Things started to change after World War II. Holton, who had grown up in Big Stone Gap, came home from World War II and was astonished to learn that Democrat William Tuck had been elected governor with the support of only 8% of Virginians. The rest either didn’t bother to vote or simply weren’t allowed to. “I wanted to break up that machine,” he recalled a few years ago. He looked around the state to find place to make his political base. He chose Roanoke. “I knew Roanoke was a wide-open, broad-thinking community that was open to change. Roanoke was the place to do it.” Through the ’50s and ’60s, the “mountain-valley Republicans” mounted one challenge after another. In 1952, Dwight Eisenhower helped sweep in Republican congressmen in the 6th and 9th congressional districts (and also the 10th in Northern Virginia). In 1953, the combination of a weak Democratic candidate (Tom Stanley of Henry County) and a strong Republican one (Ted Dalton of Radford) almost resulted in a Republican upset. Almost. The politics of Massive Resistance set back these moderate-minded Republicans — segregation was quite popular with Virginia’s white voters. Republicans weren’t the only ones on the rise, though. So were liberal Democrats who sprouted up to challenge their conservative leaders. All that came to a head in 1969 when the Democratic Party finally broke apart. Their primary that year was a bitter, three-way contest between an old-line conservative (Fred Pollard), a moderate (Bill Battle) and a liberal (Henry Howell). Battle won, but the party was a shambles. Meanwhile, the state’s electorate had changed in some dramatic ways that helped Republicans at the time. The suburbs were growing, with a lot of newcomers who felt no attachment to the Old South. And the Voting Rights Act opened the door for a lot of black voters. From 1961 to 1969, the state’s electorate more than doubled.
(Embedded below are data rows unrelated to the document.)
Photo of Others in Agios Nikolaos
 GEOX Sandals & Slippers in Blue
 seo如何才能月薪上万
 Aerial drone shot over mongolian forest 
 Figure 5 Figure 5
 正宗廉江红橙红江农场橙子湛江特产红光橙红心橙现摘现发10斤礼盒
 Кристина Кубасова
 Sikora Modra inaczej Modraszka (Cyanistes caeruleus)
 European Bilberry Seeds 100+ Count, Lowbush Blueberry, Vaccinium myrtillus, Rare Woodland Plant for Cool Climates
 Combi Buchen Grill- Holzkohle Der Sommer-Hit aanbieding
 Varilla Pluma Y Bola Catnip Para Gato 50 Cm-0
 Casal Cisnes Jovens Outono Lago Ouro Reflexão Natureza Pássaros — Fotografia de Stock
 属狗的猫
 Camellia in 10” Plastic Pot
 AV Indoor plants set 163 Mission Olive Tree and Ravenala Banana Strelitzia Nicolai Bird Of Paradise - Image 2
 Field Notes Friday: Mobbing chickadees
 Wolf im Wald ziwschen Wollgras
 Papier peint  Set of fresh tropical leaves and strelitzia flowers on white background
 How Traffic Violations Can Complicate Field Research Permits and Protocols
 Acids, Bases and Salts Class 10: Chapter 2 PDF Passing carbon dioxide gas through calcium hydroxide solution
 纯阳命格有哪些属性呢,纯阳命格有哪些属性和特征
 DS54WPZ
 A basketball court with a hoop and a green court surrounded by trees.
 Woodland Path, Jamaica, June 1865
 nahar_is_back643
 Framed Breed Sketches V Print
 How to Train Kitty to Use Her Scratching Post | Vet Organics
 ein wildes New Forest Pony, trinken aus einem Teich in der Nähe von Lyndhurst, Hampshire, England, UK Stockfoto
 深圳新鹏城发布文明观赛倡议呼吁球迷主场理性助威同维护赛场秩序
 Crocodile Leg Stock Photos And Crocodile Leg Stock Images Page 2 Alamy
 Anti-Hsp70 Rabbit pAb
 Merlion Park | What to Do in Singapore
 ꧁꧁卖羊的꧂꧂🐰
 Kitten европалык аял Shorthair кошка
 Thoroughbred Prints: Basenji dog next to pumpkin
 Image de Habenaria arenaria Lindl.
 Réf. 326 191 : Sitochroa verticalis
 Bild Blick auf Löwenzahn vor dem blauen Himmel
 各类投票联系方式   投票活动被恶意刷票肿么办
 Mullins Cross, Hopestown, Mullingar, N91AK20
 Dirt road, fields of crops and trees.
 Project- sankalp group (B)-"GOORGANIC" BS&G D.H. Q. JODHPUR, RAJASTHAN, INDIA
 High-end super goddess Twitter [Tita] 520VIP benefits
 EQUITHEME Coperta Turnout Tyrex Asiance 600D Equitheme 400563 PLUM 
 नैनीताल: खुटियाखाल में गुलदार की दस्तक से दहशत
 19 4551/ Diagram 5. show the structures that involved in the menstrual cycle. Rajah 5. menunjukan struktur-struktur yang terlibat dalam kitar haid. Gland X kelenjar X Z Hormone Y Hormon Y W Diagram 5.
Holton alone polled more votes than were cast in the entire governor’s race in 1961, and nearly as many as were cast in 1965. Until Holton, only two Republicans in the 20th century had topped 40% in a gubernatorial race; some had only polled in the teens. It really was a new day in Virginia.

In time, Virginia politics re-ordered itself to the configuration we know today. Democrats became a purely left-of-center party and the moderate Republicans like Holton were shunted aside by conservatives. Still, the fact remains: Holton’s election a half-century ago today brought two-party democracy to Virginia.